* EXERCISE PROMPT *
Retype word for word the line containing "Puede incluir: Una" and each line that follows it in the records below, through the last one, with no pictures.

* GIVEN RECORDS *
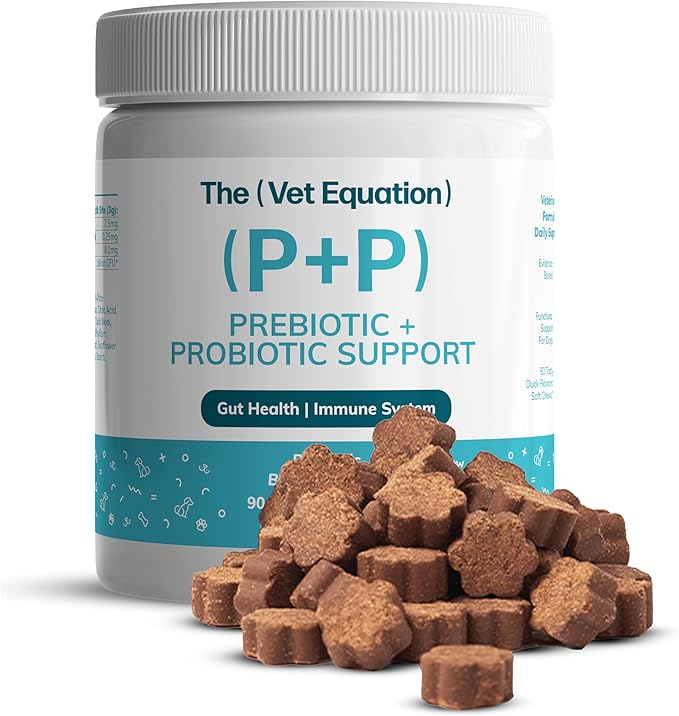Prebiotic & Probiotic for Dogs – Digestive & Gut Health Chews – Natural Duck Flavor, 90 Count – with Bacillus Subtilis, Vitamin B12 & Folic Acid – Supports Immune & Digestive Health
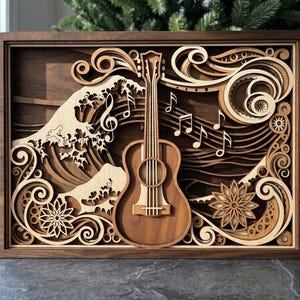 Puede incluir: Una pieza de arte mural de madera multicapa que presenta la silueta central de una guitarra acústica rodeada de intrincados diseños cortados con láser de olas estilizadas, patrones de remolinos, notas musicales y motivos florales geométricos.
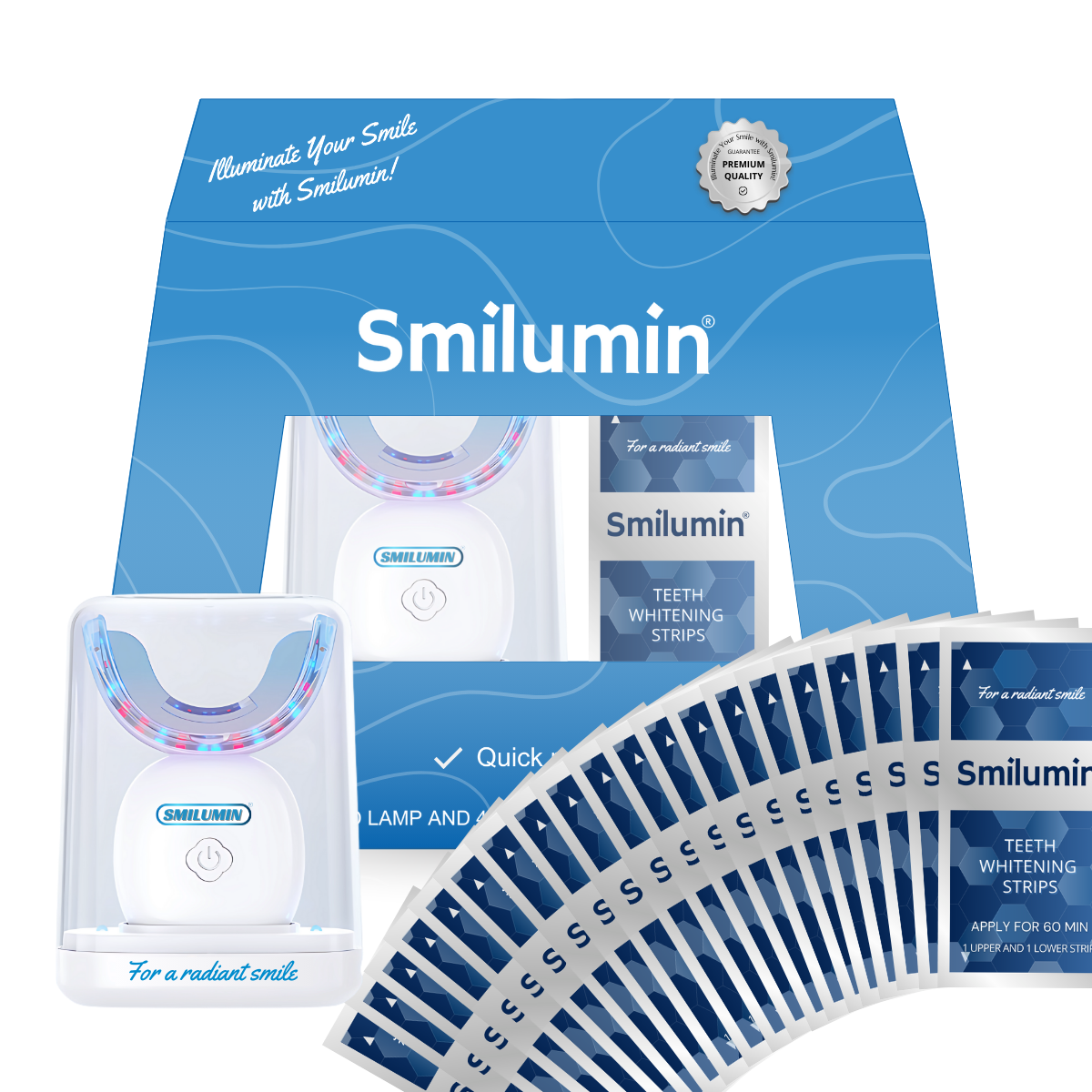 Smilumin – Fogfehérítő készlet csíkokkal és LED lámpával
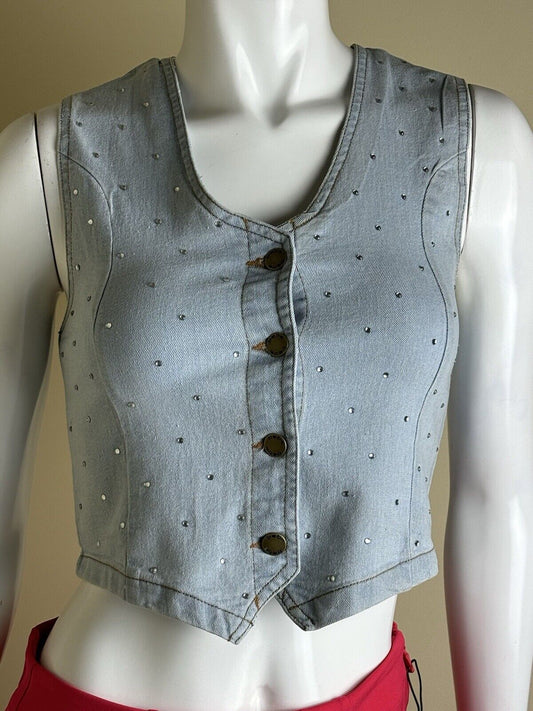 $67 bebe Women’s Rhinestone Vest Sleeveless Denim Sz S. (B.53)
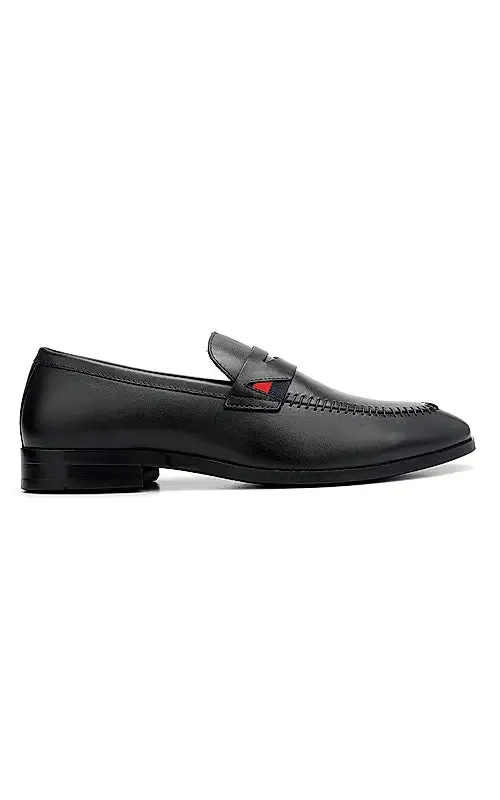 Black Leather Loafers With Top Panel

* SOLUTION *
 Puede incluir: Una pieza de arte mural de madera multicapa que presenta la silueta central de una guitarra acústica rodeada de intrincados diseños cortados con láser de olas estilizadas, patrones de remolinos, notas musicales y motivos florales geométricos.
 Smilumin – Fogfehérítő készlet csíkokkal és LED lámpával
 $67 bebe Women’s Rhinestone Vest Sleeveless Denim Sz S. (B.53)
 Black Leather Loafers With Top Panel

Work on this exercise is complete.